Legionary Tactics

The legions of the Republic fought in a disciplined, tight formation that was essentially a hinged phalanx with greater flexibility. The Polybian legion had formed the traditional three ranks of the manipular-based triplex acies with three separate formations of soldiers arrayed in depth, staggered behind each other. This formation was primarily intended to allow for great endurance, not tactical flexibility. The cohort-based principate legion retained the triplex acies, but each cohort was a distinct unit with its own command structure. This allowed for greater unit flexibility and initiative, which in turn allowed the principate legion to more easily shift forces from areas less engaged to those hard pressed. This same attribute allowed for greater use of reserve forces, further increasing the legion's combat capabilities.

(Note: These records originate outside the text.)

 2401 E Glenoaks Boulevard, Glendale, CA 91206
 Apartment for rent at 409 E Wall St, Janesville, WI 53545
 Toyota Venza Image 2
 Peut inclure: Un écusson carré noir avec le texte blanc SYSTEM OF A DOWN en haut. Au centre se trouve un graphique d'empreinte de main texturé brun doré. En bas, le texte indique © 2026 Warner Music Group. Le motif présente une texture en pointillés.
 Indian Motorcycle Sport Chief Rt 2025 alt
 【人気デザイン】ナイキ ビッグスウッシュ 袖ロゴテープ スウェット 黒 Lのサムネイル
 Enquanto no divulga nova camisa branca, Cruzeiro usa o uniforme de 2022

The principate legion's order of march was relatively unchanged from its predecessor's. The vanguard of the formation was typically cavalry or light infantry, allowing for scouting and flexibility in case of ambush or attack. Behind the vanguard came the main body, generally lead by the finest of the legionary forces. The baggage moved either behind or in front of the legion, dependant upon the most likely source of danger, and the trail element was normally the lesser legionary units, perhaps accompanied by the auxilia (Bohec 128). This formation was fairly standard throughout the Roman army, indicating it was deeply imbedded within the legionary training.


Order of Battle

The order of battle for the legions is both well established and somewhat mysterious. We have a great deal of information pertaining to how the legion formed for battle, and yet some of the information is contradictory or appears to make little sense. Certainly the legion formed in three primary elements, as it traditionally had ("ala" means "wing" and referred to the allied forces that formed on the left and right flanks of the Polybian legion). This tripartite formation allowed for tactical flexibility, which the legion used to maneuver against its opponents weak points (Bohec 141). The interval between individual soldiers in the formation, however, is unclear. Polybius informs us that each soldier required six feet on all sides in battle, but Vegetius indicates three feet to each side and two feet of depth (Goldsworthy, Roman Army 179). The cohort's formation is similarly contradictory. Vegetius and Josephus stated that the cohort marched in a column three men across, deploying into lines either three or six men deep. In contrast, Arrian wrote that the column was four men across on the march, and deployed into lines four or eight men deep. This would indicate that a standard formation for a Roman unit on the march was either three or four across, deploying into the triplex acies with similar depth under normal circumstances and doubling that depth when facing cavalry or situations requiring greater depth (Goldsworthy, Roman Army 179). It is clear that the optio was positioned in the rear of the formation, controlling the alignment and positioning of the century, but the location of the centurions is less clear. There is no question the centurion led from the front, but it seems unlikely he was positioned directly in front of the unit. It is more probable he stood to the right of the formation, possibly in the gaps between the elements. From this position he could both lead and maintain control of the front ranks.

Conduct of Battle

The battle began when the two sides closed within artillery range. The Romans utilized artillery fire to disrupt enemy lines as they approached, followed by archers and other ranged weapons as the distance decreased. The final approach was perhaps the most startling illustration of the difference between the Polybian legion and that of the principate. The Polybian legion's approached accompanied by loud war cries and the banging of shields. This din was intended to both defeat the enemy's morale and to bolster the legion's own confidence. In sharp contrast, the imperial legion closed in silence-a sight that must have been unnerving to its foes for its unearthly quality. When the enemy closed within 15 meters, the Romans unleashed a volley of pila, followed up by a tremendous battle cry and charge (Goldsworthy, Roman Army 197). This double shock, combined with the damage inflicted by artillery and missile fire, often proved devastating, shattering the enemy charge and resulting in a rout. If the enemy lines did not break, then close combat ensued. The triplex acies of the imperial army had similar staying power to that of the Polybian legion, and the arms and armor were also similar. The great scutum of the legionary was more than merely a defensive weapon, the great boss in the middle was also used to strike at an opponent, shoving them off balance and opening the foe to a sharp upward thrust from the gladius (Goldsworthy, Roman Army 218). Eventually, even a valiant foe was normally overcome by the legion, and it was during the rout that an army suffered the majority of its casualties.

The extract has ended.